PROBLEM TO WORK ON » Below is a block of records; reproduce all of them exactly and leave out any pictures.
Segment Start: INFORMATION SHOWN
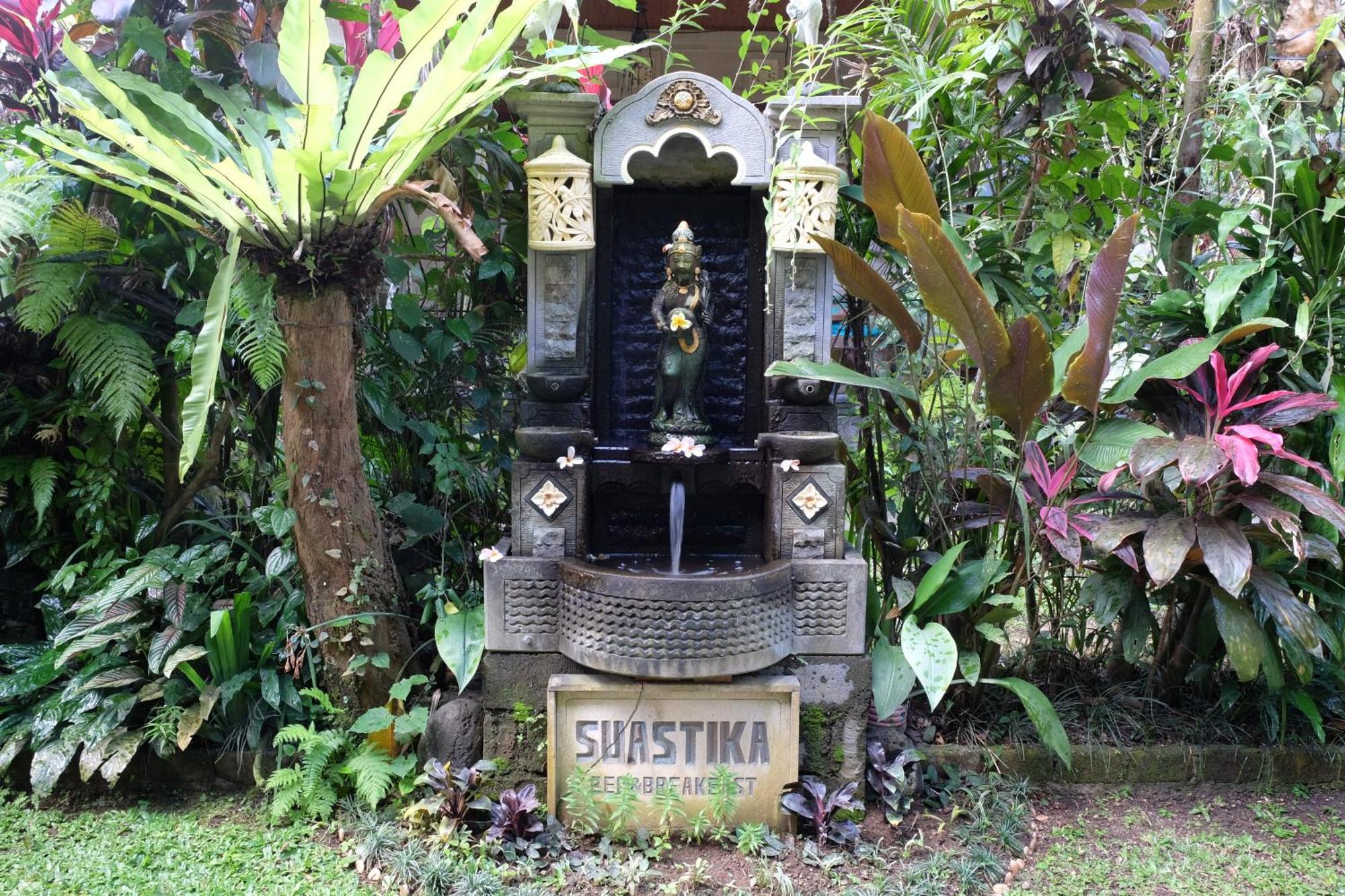 Suastika Guest House Ubud 外观 照片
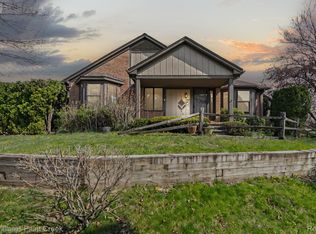 269 Meadow Bridge Dr, Rochester, MI 48307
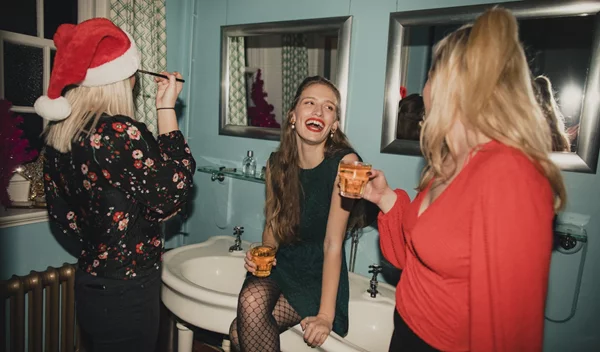 Μανικιούρ για ρεβεγιόν 2025: Η γήινη απόχρωση που ταιριάζει με όλα και θα λατρέψεις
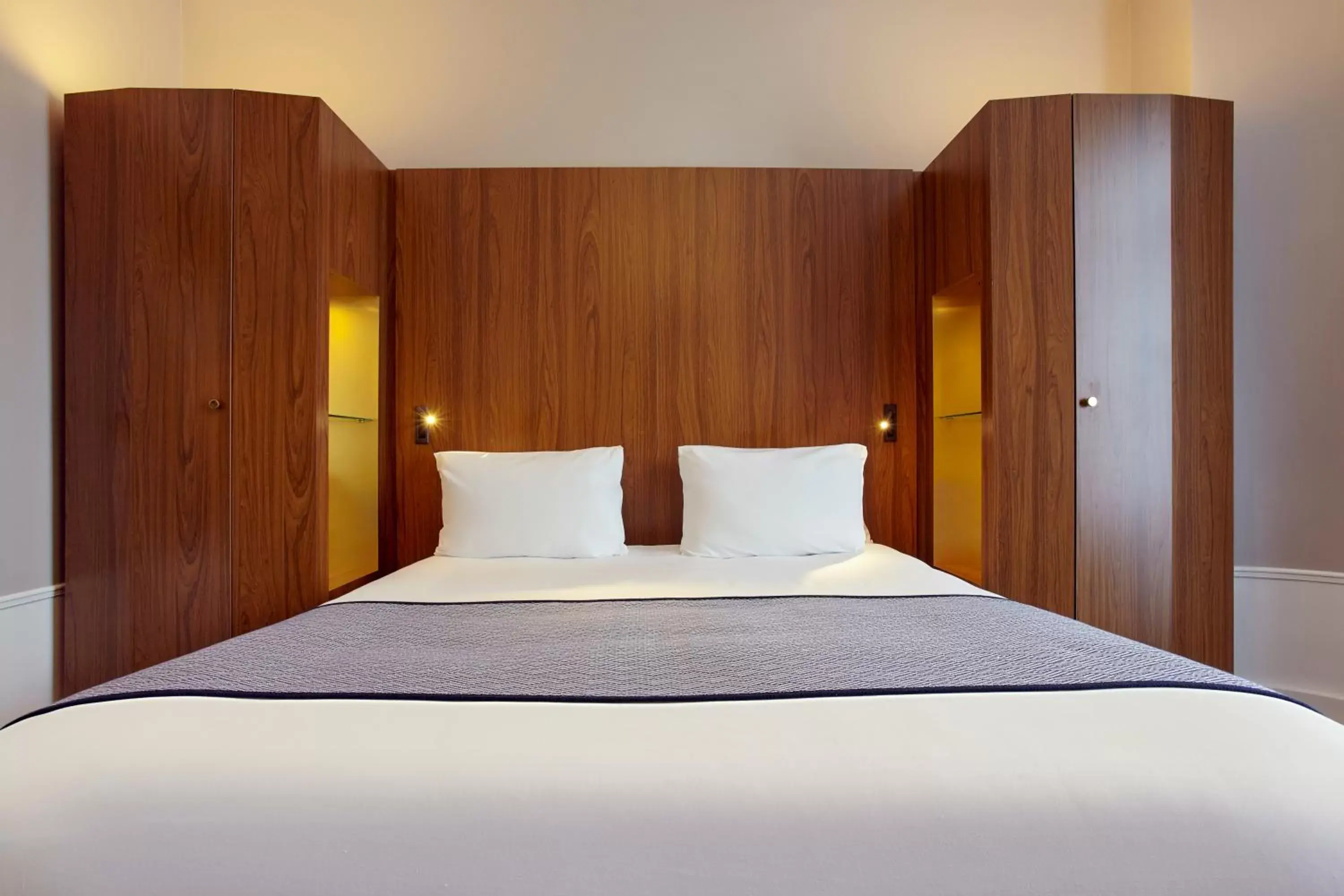 Bed in Holiday Inn Paris - Gare de Lyon Bastille, an IHG Hotel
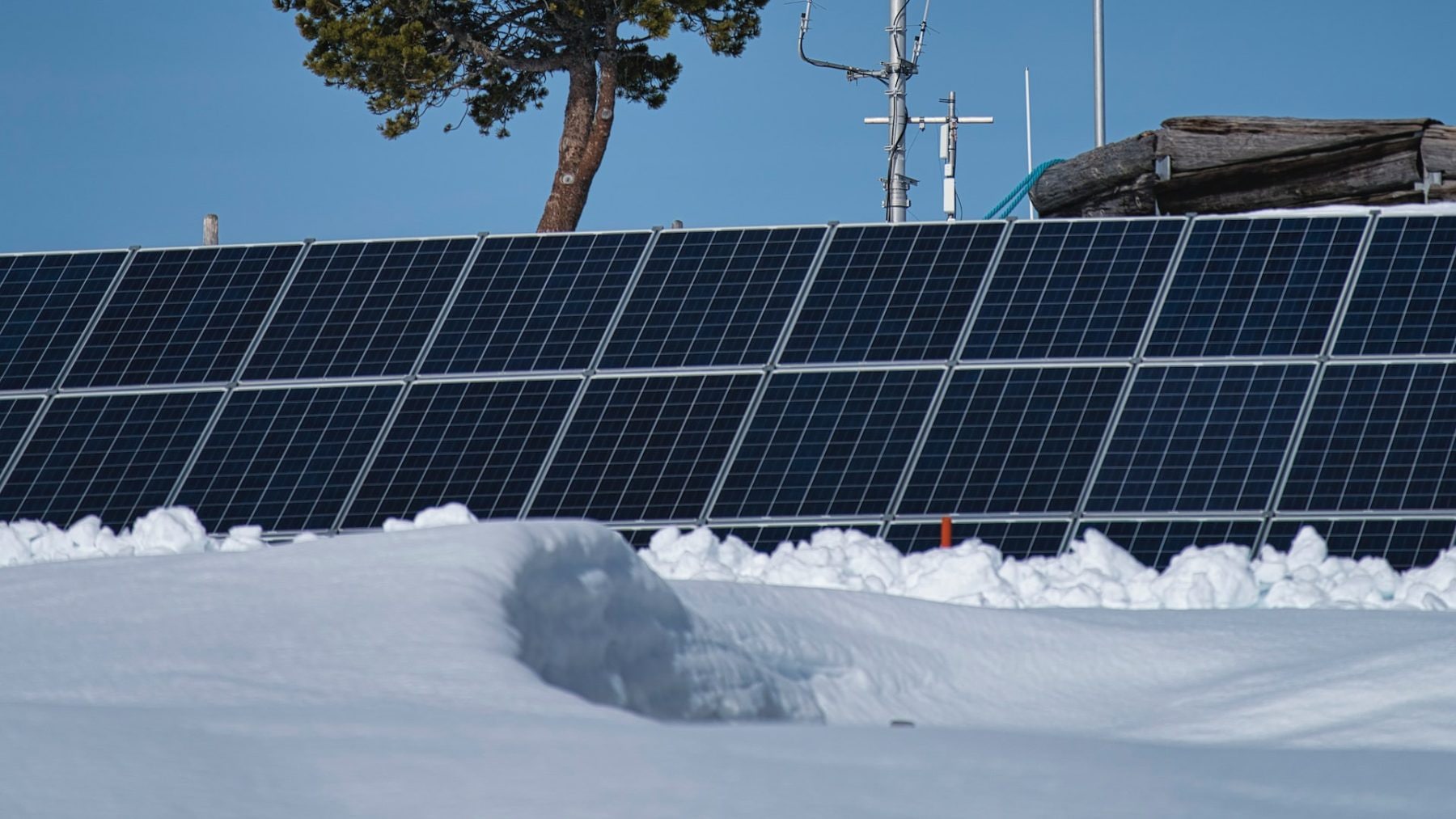 Fotovoltaické panely v zimě | Zdroj: Unsplash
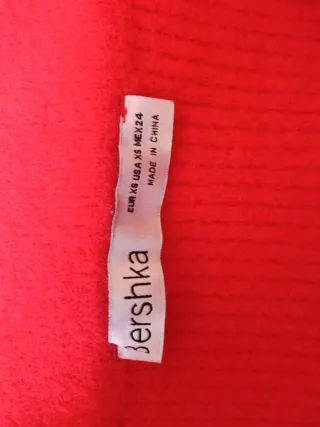 Jersey Bershka rojo cuello cremallera Talla XS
Segment End: INFORMATION SHOWN
EXERCISE OUTPUT »
 Suastika Guest House Ubud 外观 照片
 269 Meadow Bridge Dr, Rochester, MI 48307
 Μανικιούρ για ρεβεγιόν 2025: Η γήινη απόχρωση που ταιριάζει με όλα και θα λατρέψεις
 Bed in Holiday Inn Paris - Gare de Lyon Bastille, an IHG Hotel
 Fotovoltaické panely v zimě | Zdroj: Unsplash
 Jersey Bershka rojo cuello cremallera Talla XS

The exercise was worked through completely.